This is what a surveillance society looks like.

The U.K. has a shitload of closed circuit television cameras (CCTV) almost everywhere you go. One local artist who realized that he was monitored almost constantly by the police decided to see how long it would take them to notice an 8 foot tall alien wandering on an empty street so he got some friends together and made it happen:

In short, it didn’t take very long for police to show up and they weren’t thrilled at the prank. Watching the video brings home just what living in such a society would be like for anyone who’s at all out of the ordinary. The idea of being constantly watched is chilling indeed and there are many who would love to replicate that sort of thing here in America. It’s already started in some places around the country. I suppose on the one hand it’s a good thing that the police are able to notice and respond to a potential threat so quickly, but it’s so easily abused and the hassle of dealing with countless false alarms is sure to cause many of them to discourage anything that would require them to waste time checking it out. Things like walking around in an 8 foot alien costume.
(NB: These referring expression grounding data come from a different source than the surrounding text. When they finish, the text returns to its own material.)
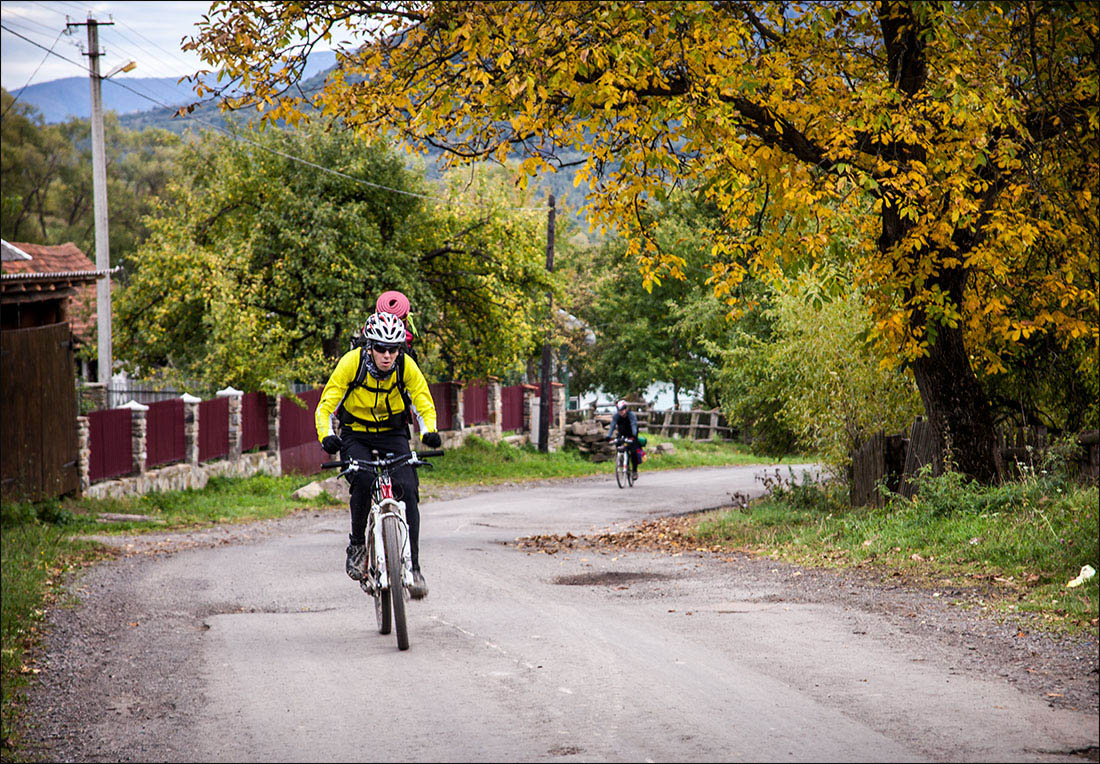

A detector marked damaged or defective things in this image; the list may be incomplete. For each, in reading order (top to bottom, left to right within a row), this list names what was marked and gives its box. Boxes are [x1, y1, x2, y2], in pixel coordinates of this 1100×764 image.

pothole in road [550, 571, 668, 589]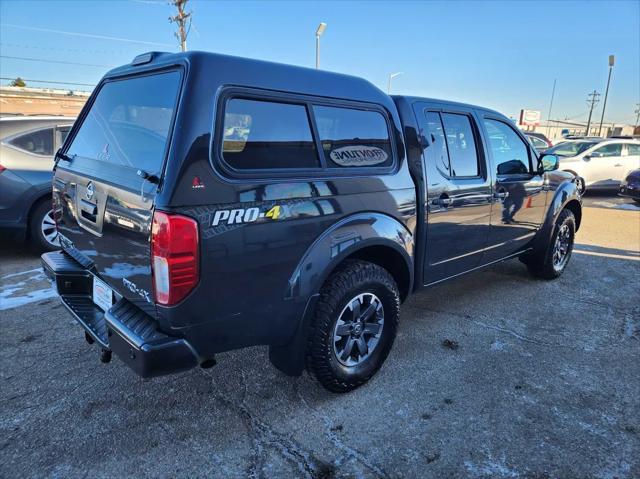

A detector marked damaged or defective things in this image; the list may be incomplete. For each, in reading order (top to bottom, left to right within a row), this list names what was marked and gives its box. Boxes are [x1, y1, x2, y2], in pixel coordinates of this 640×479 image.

cracked pavement [1, 197, 640, 478]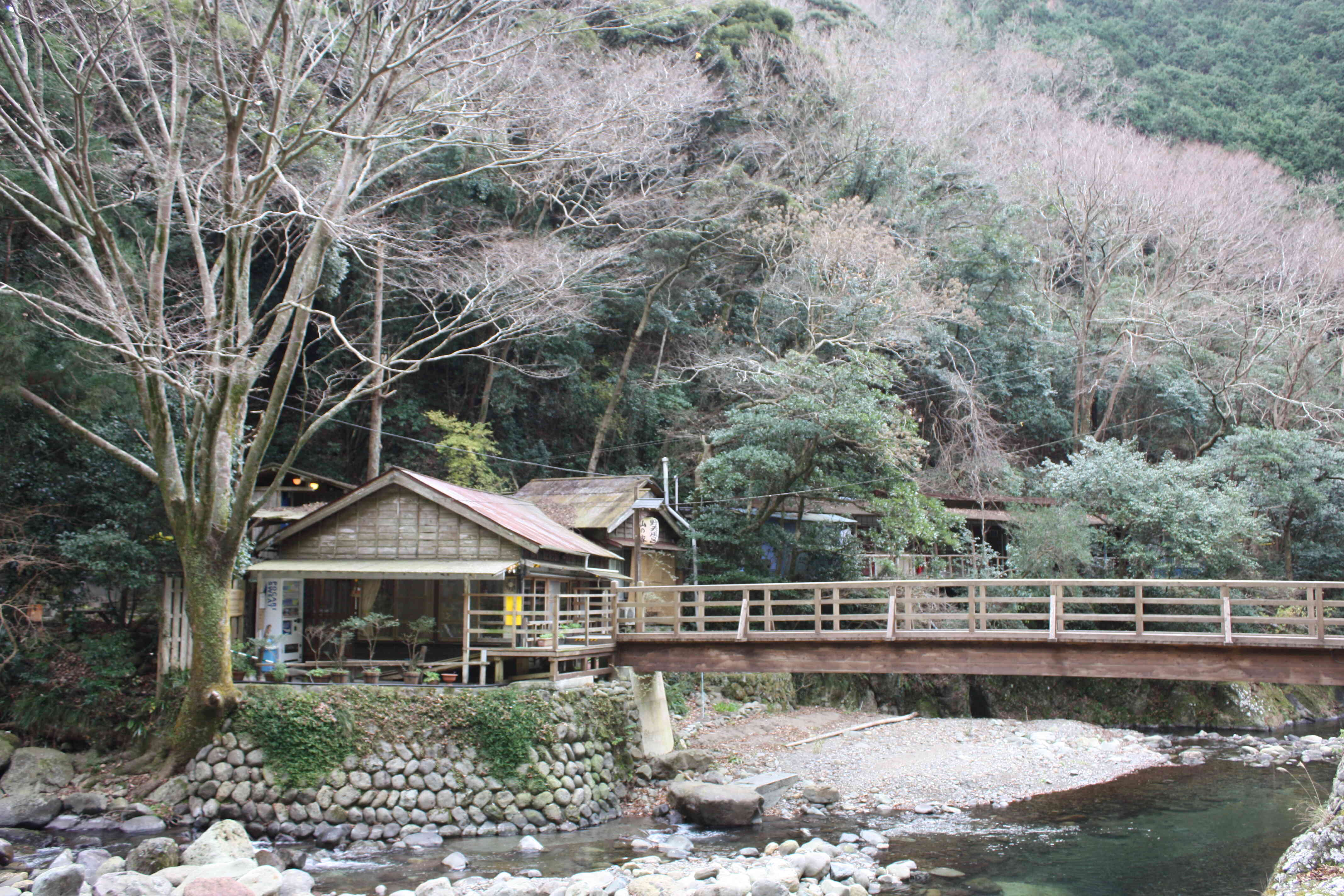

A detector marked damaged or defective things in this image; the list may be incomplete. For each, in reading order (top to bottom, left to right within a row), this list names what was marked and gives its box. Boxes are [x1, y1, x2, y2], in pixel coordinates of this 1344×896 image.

rusty corrugated roof [511, 475, 658, 532]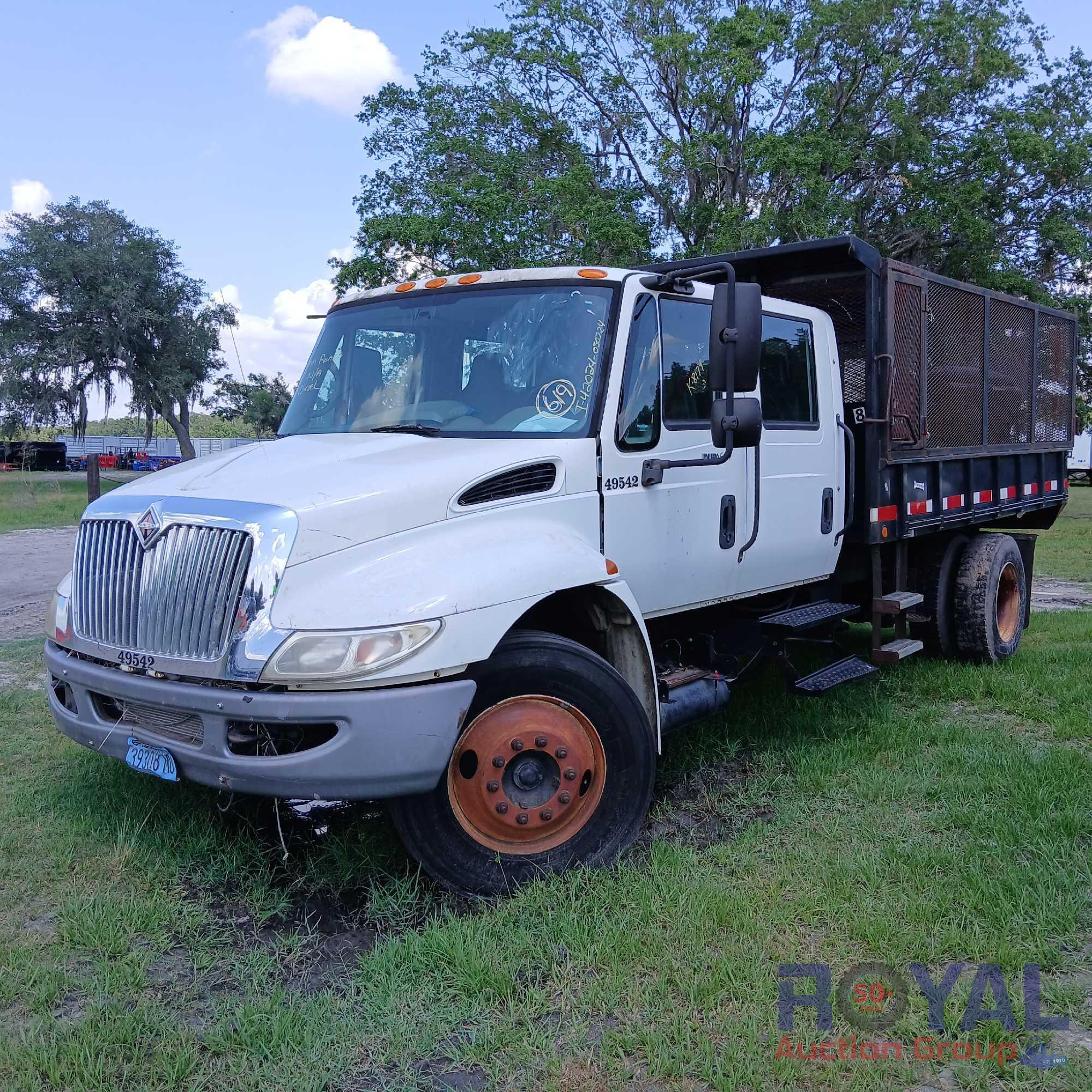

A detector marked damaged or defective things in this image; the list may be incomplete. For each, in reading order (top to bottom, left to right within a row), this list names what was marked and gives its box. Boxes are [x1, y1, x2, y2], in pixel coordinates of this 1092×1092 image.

rusty orange wheel [448, 695, 612, 856]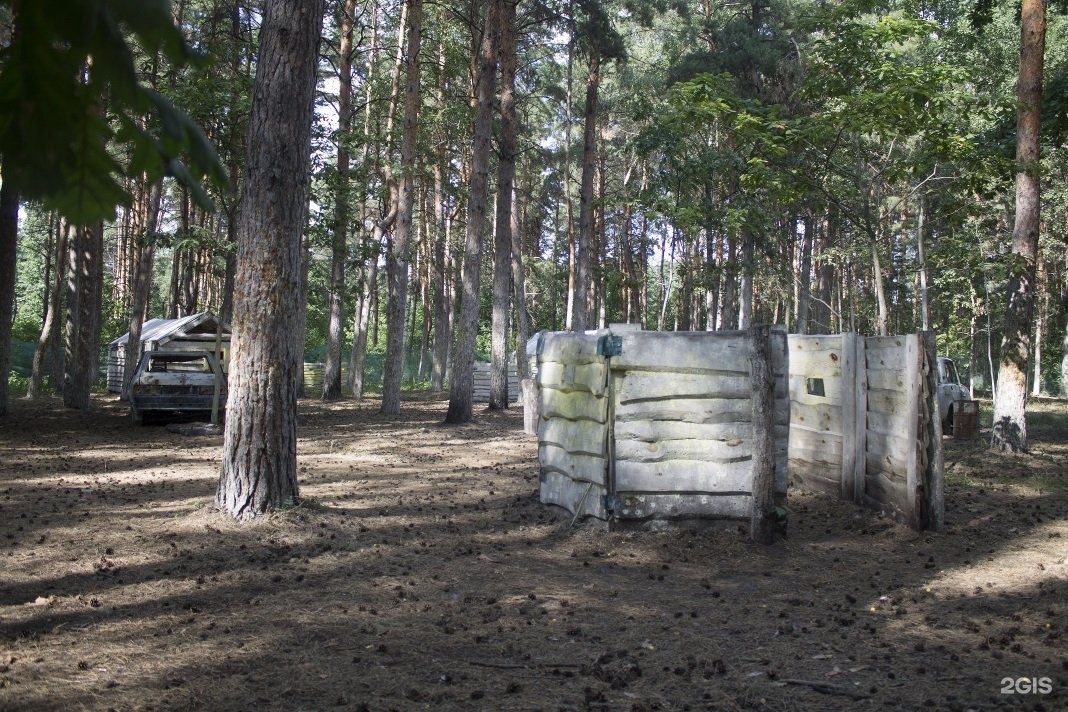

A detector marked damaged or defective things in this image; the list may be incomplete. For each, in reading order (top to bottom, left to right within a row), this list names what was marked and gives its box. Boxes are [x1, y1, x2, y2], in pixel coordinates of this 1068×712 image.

abandoned burnt car [129, 350, 227, 422]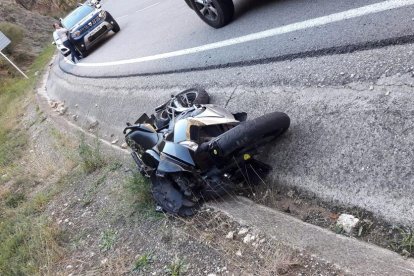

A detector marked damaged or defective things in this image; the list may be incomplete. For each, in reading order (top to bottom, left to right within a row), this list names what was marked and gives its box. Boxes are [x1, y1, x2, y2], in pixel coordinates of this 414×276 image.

crashed motorcycle [124, 89, 290, 217]
broken motorcycle fairing [124, 90, 290, 216]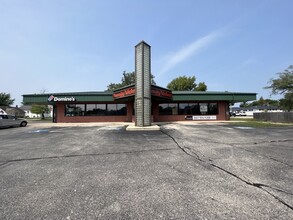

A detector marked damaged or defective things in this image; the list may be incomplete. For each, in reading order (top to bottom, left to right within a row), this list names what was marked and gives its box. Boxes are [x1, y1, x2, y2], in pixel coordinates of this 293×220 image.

cracked asphalt [0, 123, 292, 219]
It also shows how unrealistic Doctor Who is. A police box suddenly appearing out of no where would be swarmed by the police within moments by the looks of it, let alone anything truly alien looking.

Found via Gizmodo.

9 thoughts on “This is what a surveillance society looks like.

  1. BTW…Hello, gentlemen and ladies here, it is such an honor and pleasure to be amongst like-minded people. On the above thread, I wonder how long it will be or how many Elvis spottings they’ve had???

  2. May I clarify.  These cameras are not Government cameras.  They fall into 4 broad catagories.

    1) Police traffic cameras- used on main/busy roads to monitor traffic flow.

    2) Specified government sites requiring security- prisons, military camps etc

    3) Those operated by town councils.  These are primarily in public places and monitored by civilians- though I know at least one police station that did get a feed from the local control centre, and covered at times the civvies didn’t work (3am tuesday morning).  These cover places like shopping areas, parks.

    4) Amoung the most common- privately owned- ie INSIDE shops, offices, and outside some houses.

    There is no ‘big brother’ central control room. CCTV is a common solution by ordinary people.

  3. Low level street crime is the usual reason people will ask for it (I’m not saying every one, but sometimes CCTV is seen as the way to discourage anti-social behaviour, as you have the perpetrators on film).

    Most cameras are in private hands- shops, malls etc, and most shops seem to have them. I’m sure they willpoint out you don’t have to enter the shop if you don’t like their security to prevent shop lifting.

    Both the kids schools have CCTV- they are there to keep an eye on kids so no weirdos get into the school and do unspeakable things. Now in a calm collected world we all know how unlikely that is, but how do you explain that to a parent who has swallowed too much of the shock press? Whose right is being infringed.

    On the other hand paedophiles do occasionally visit play areas, and people will see surveilance as a good thing.  Also public areas are prone to being vandalised, or younger kids being driven away by teens. Again people will ask how are these cameras hurting them.

    The ones in public areas tend to be town centres and high streets- places where crowds build up. CCTV gives a easy ‘eye in the sky’ to direct security or police to incidents.  They also monitor drinkers at the week end.

    The question is: Which of these should be removed, and why? How exactly are they harming the average man in the street?

    At the moment these are a ‘passive’ system, used to direct security to incidents, or to provide evidence after the event.  If they were one unified system capable of tracking people across the country I would oppose that, but then your bank already does that.

  4. The question is: Which of these should be removed, and why? How exactly are they harming the average man in the street?

    I see. The surveillance version of Pascal’s Wager.

  5. No its not. The difference is cameras exist.  I really do want to know which ones to oppose.  I do get a ‘feeling’ about so many, but I can not always articulate it.  Should I avoid shops with CCTV? On what rationale?  What harm is the one overlooking the school entrance? That is controlled by the school.  The traffic control ones?  These are used by radio stations to inform travellers of problems.  Criminals are caught on camera every day, and photos published by the police.